• What the task asks:
Please transcribe the data exactly as shown, skipping the images.

• Dataset section:
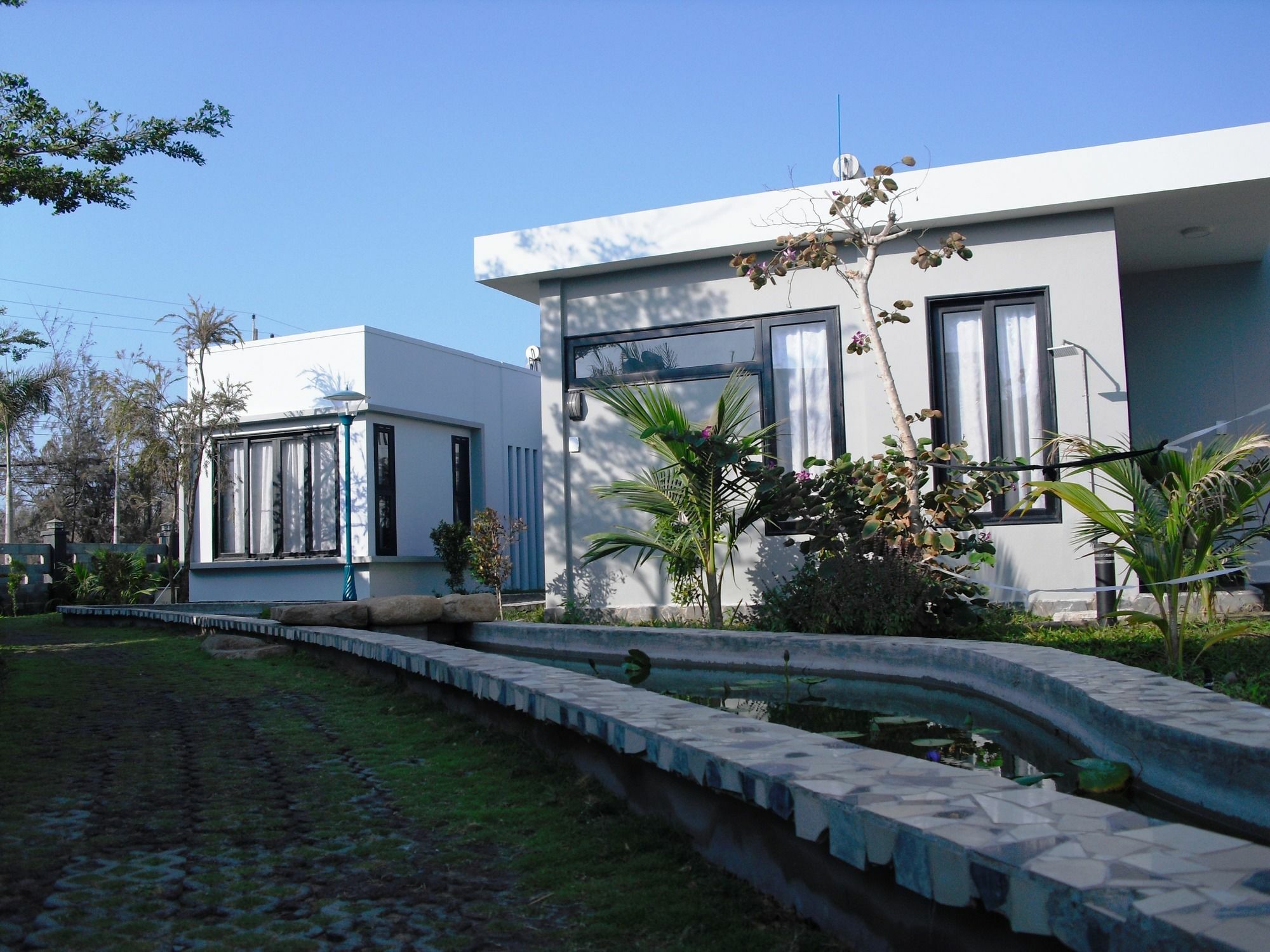 Nguyen Minihouse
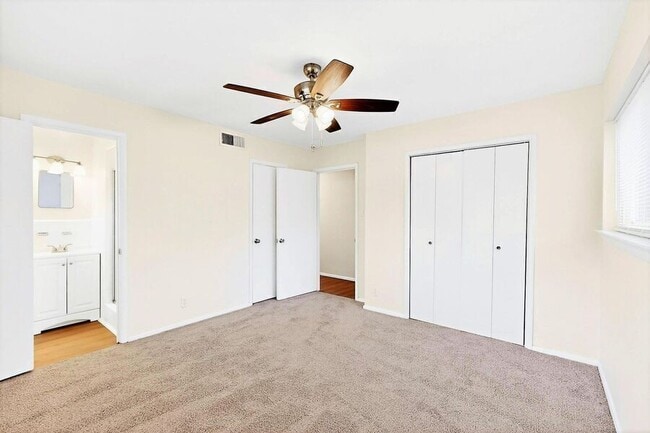 Building Photo - 3632 Venice Dr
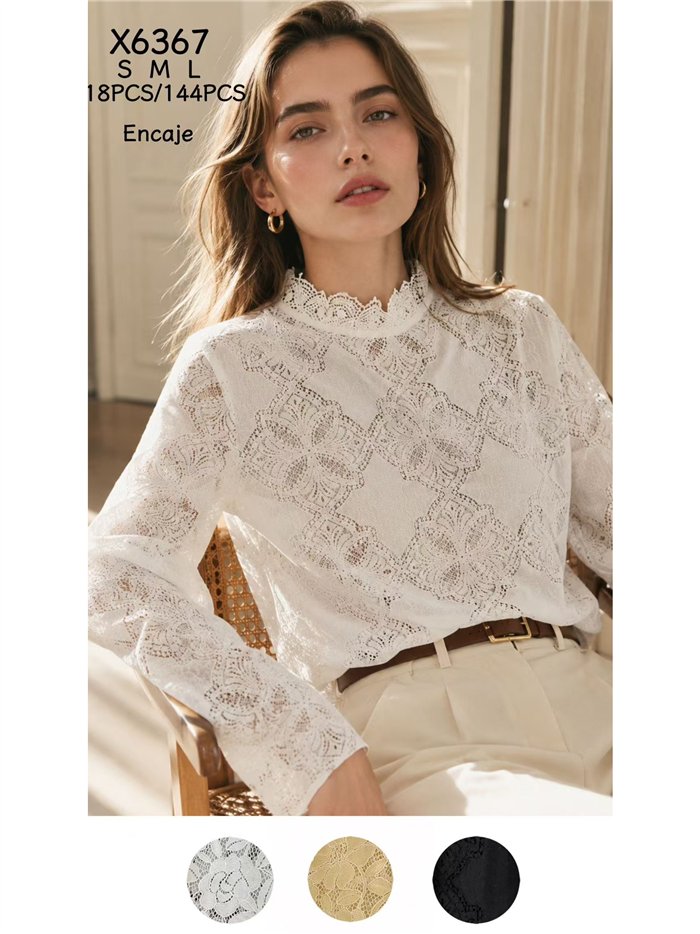Blusa encaje floral cuello alto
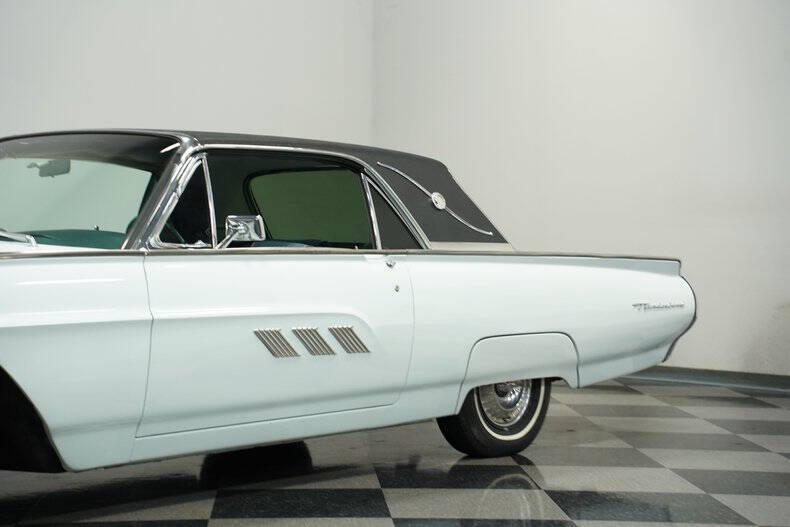 1963 Ford Thunderbird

• Answer to this task:
 Nguyen Minihouse
 Building Photo - 3632 Venice Dr
Blusa encaje floral cuello alto
 1963 Ford Thunderbird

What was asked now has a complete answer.